Total pay for outside directors at America’s largest corporations increased by a modest 2% in 2016, driven by increases in both cash and stock compensation, according to an analysis released on July 27 by London-based global advisory firm Willis Towers Watson….The Willis Towers Watson study also found that, of all pay elements in a director’s total package, the annual cash retainer for board service experienced the largest increase within the last year, bounding 6% in 2016. Specifically, the study found, median total direct compensation for directors climbed 2% last year, to $260,200—an increase from nearly $255,800 in 2015.
Total direct compensation includes cash pay and annual or recurring stock awards. According to the analysis, the median value of cash compensation increased 4% in 2016, to $105,000, while the median value of annual stock compensation rose 2% to $150,000. The average mix of pay remained relatively constant at 57% in equity and 43% in cash.
The study identified a number of other key findings. Among them:
Caps on director-specific awards. More than half (53%) of companies place a cap on annual stock grants to individual directors—and more than one-quarter (26%) have expanded the pay ceiling to comprise cash and/or total compensation.

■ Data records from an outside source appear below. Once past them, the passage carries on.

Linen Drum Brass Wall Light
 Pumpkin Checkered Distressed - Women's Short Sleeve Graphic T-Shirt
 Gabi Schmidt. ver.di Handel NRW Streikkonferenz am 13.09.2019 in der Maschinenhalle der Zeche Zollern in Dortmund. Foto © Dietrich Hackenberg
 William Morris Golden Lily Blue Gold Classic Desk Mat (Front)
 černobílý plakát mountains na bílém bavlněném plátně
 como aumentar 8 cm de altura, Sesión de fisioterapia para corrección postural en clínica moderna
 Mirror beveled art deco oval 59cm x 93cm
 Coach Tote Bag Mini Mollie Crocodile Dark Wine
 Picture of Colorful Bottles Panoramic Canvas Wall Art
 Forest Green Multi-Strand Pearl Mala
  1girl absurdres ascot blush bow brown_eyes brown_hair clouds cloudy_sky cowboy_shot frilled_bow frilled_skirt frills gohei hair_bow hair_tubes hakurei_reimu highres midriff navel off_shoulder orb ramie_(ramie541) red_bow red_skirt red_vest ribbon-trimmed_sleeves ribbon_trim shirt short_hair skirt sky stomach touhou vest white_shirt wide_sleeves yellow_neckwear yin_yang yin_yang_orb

There has also been a substantial, 10-point shift toward basing limits on a fixed dollar amount (73%), up from 63% last year.
Board leadership pay. Nearly three-quarters (73%) of companies now look to lead directors as an alternative to having a chairman serve as the highest-ranking independent board member. Such lead directors received an extra $30,000 in compensation last year, up from $25,000 in 2015.Stock ownership and retention guidelines. Companies continue to maintain stock ownership guidelines and retention requirements for directors. Fully 93% of Fortune 500 companies now have one or both mandates in place. Most guidelines (82%) are based on a multiple of the annual retainer.